Investor Conference Call Scheduled for Friday April 8, 2016 at 8:00am ET

TIANJIN, CHINA / ACCESSWIRE / April 7, 2016 / China Auto Logistics Inc. (the "Company" or "CALI") (NASDAQ: CALI), a top seller in China of luxury imported automobiles and a leading provider of auto-related services, today reported a sharp narrowing of the net loss attributable to shareholders in 2015 compared with the prior year as revenues in 2015 advanced 11.4% year over year and gross profit grew nearly 17% in the same period.

The Company attributed the increase in revenues to higher automobile sales and higher rental income which was partially offset by a decline in revenues generated from its financing services business as well as its other services.

Throughout the year the Company continued to face significant competition in luxury imported auto sales and, to maintain its industry leadership, priced its vehicles very aggressively. While the Company anticipates continuing price competition, resulting in low margins in the year ahead, it also believes that going forward it will benefit from new rules governing the sales of imported autos, specifically, the “Parallel Imported Vehicles” scheme introduced by the government in August, 2014. This new scheme enables CALI to compete on equal footing with all authorized auto dealers in cities where the scheme has been implemented. As of December 31, 2015, the PRC government has selected Guangzhou, Shanghai, Shenzhen and Tianjin as four experimental cities to implement the “Parallel Imported Vehicles” scheme.

Other factors reflected in the full year loss attributable to shareholders in 2015 included substantial interest, depreciation and amortization costs. Additionally, the Company recorded an impairment loss relating to a goodwill impairment charge on the Sales of Automobiles unit which was acquired through the Zhonghe acquisition in November 2013. During the year ended December 31, 2015, the Company also entered into an arrangement with the previous owner of Zhonghe to extend the due date for the installment payment of approximately $18.5 million from November 2015 to May 2016. Nevertheless, the Company's working capital deficit, net loss, and other factors led to a decision by the Company's Independent Registered Public Accounting Firm to include a going concern opinion in its report.

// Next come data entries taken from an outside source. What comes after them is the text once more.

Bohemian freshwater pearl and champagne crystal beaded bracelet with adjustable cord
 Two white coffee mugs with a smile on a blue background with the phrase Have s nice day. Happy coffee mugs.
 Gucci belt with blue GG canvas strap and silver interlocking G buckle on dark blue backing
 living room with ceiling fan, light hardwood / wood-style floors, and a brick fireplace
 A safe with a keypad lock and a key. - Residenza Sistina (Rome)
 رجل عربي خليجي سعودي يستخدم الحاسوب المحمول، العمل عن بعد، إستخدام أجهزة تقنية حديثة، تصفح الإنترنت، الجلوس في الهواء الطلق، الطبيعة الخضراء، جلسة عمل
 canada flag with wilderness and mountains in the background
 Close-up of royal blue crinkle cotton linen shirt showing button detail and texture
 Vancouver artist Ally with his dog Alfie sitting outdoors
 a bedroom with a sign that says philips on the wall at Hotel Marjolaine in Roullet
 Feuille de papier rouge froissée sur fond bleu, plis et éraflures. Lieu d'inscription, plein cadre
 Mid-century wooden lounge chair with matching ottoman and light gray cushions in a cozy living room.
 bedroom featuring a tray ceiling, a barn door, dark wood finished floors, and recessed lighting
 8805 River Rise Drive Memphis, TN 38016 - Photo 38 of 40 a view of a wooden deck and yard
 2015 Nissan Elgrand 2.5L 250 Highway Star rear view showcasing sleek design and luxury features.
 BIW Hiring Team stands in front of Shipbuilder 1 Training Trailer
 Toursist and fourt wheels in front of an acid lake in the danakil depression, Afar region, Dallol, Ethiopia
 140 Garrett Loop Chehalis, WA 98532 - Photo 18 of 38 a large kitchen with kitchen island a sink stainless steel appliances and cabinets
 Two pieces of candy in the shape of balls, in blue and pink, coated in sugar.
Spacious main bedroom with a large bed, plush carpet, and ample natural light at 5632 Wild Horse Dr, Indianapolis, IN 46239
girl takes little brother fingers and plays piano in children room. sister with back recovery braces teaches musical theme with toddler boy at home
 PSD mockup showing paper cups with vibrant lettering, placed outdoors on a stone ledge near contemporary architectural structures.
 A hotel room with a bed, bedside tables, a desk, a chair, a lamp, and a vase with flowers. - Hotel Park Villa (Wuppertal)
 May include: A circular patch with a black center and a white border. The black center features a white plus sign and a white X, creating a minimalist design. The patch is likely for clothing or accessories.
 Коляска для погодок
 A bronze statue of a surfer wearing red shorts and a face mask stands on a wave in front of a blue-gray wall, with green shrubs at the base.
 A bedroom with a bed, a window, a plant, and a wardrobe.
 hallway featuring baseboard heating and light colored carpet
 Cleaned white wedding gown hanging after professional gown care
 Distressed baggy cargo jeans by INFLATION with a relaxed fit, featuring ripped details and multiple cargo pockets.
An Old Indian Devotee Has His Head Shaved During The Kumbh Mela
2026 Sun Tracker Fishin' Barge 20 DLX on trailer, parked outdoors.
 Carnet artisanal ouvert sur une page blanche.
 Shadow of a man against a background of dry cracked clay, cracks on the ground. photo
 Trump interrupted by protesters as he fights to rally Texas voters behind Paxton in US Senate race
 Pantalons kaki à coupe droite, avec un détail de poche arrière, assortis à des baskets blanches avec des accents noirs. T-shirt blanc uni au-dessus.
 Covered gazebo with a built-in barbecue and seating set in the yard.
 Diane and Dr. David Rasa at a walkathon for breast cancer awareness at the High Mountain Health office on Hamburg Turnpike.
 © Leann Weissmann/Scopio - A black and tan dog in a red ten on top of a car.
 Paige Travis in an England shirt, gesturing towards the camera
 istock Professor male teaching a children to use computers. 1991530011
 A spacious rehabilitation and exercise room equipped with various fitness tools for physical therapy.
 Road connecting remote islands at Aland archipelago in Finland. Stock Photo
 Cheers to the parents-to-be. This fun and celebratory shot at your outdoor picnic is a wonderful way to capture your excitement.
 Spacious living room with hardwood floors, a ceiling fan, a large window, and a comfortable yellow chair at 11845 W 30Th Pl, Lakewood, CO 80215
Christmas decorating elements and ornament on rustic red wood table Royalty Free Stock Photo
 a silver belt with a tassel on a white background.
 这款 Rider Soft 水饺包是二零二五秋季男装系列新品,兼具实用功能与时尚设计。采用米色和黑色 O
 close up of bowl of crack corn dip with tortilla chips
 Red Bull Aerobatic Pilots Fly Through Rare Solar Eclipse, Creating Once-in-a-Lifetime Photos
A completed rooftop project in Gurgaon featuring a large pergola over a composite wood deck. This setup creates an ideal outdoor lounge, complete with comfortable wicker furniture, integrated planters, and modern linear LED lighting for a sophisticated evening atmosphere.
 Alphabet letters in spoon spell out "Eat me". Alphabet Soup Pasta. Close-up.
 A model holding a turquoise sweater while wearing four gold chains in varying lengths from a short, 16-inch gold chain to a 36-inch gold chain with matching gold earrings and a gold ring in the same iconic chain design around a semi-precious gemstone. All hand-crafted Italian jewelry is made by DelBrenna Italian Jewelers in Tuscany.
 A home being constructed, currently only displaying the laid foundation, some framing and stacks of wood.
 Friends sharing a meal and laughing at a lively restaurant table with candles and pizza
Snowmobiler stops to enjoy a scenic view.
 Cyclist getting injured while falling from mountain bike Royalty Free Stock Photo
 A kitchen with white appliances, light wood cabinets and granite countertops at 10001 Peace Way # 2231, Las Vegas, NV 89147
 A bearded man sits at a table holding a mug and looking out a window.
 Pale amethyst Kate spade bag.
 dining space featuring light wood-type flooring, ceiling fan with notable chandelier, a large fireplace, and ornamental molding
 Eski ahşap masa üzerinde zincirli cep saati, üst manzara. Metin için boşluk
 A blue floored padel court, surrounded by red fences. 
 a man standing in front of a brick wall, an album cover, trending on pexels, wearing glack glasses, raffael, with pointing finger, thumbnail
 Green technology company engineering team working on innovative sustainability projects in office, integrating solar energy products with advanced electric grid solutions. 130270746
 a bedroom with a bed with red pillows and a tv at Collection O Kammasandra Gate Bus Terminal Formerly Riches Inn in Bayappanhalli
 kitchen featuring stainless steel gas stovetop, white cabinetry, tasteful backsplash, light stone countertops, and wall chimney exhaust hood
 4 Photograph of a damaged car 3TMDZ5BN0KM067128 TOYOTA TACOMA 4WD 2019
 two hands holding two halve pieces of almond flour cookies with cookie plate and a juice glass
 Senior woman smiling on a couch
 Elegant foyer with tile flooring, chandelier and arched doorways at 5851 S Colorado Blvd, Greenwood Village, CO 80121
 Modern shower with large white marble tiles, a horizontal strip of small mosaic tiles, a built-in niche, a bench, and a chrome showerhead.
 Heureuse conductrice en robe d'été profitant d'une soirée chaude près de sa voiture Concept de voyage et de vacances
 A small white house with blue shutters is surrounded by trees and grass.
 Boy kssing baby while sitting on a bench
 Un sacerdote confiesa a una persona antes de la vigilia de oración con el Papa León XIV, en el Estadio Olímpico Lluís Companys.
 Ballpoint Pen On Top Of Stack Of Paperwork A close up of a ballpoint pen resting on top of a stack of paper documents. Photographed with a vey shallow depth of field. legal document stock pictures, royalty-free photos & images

Commenting on results for the year ended December 31, 2015, Mr. Tong Shiping, Chairman and CEO of the Company stated, “We were pleased to be able to report a double digit percentage increase in sales for the year as well as a year over year improvement in gross profit and profit margin. If we are able to see further improvements in the overall economy, we believe that this could have a positive impact on our sales going forward which also are likely to be helped by the new Parallel Imported Vehicles rules. We also have been encouraged by the growth in used car sales as reflected in the growth of Car King Tianjin in which we have a 40% interest. We continue to believe this used car operation has significant long term growth potential.”